"VERA,
WIFE OF LESLIE NOBLE.
Aged Seventeen."

"It is such a falsehood I cannot bear to see it there," she says. "You must have the letters removed, Philip. I cannot bear to know that my name is carved upon a tombstone while I am so full of young, happy, bounding life."

"I think you are right, my darling," Colonel Lockhart answers, and he takes care to carry out her wish. The lying inscription is carefully erased from the white marble tablet.

"When I am really dead, Philip, I shall want some kind and loving words carved on the marble above my head," she says; "I shall want the world to know that I was loved and missed.

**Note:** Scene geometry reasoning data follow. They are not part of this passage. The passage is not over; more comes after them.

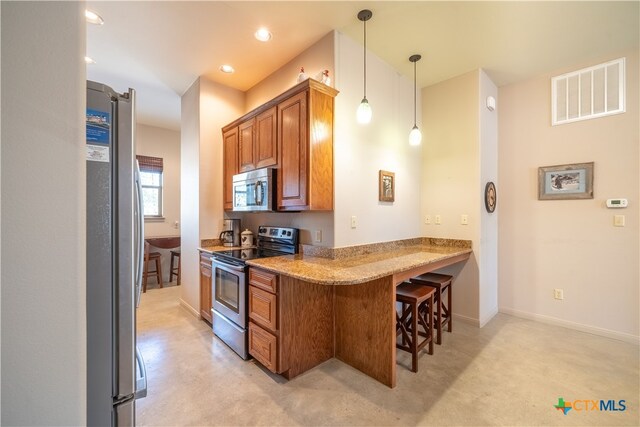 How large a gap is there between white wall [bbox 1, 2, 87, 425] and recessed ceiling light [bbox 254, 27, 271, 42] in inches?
80.7

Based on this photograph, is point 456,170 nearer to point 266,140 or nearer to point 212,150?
A: point 266,140

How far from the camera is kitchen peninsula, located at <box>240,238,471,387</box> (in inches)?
79.5

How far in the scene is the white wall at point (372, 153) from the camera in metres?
2.52

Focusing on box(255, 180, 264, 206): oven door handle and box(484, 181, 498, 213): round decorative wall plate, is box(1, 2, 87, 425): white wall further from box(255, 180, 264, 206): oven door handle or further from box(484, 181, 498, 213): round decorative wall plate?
box(484, 181, 498, 213): round decorative wall plate

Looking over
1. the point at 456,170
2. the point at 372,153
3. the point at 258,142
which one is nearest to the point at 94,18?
the point at 258,142

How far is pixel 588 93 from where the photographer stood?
2.95 meters

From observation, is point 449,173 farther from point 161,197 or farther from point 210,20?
point 161,197

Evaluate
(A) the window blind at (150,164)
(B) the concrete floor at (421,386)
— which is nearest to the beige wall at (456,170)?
(B) the concrete floor at (421,386)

How cold, how brief, how unloving was that inscription."

Then glancing into his face she sees it working with some deep emotion.

"Let us come away from this spot, Vera," he says, nervously. "I tremble to think that once you lay buried here beneath this springing turf. What if I had missed you from my life forever?"

"You would have married Miss Montgomery, doubtless," she answers, with a spice of mischief.

"Never," he answers, most emphatically, as he leads her away. "You were my fate, darling. If I had never met you I should never have loved nor married."

They remain in America several years. Lady Vera shrinks from returning home while the memory of her strange, romantic story is yet fresh in the public mind. But after awhile circumstances induce them to make England their home.

Colonel Lockhart having already left the army to please his wife, nothing remains but to set their faces toward England and Fairvale.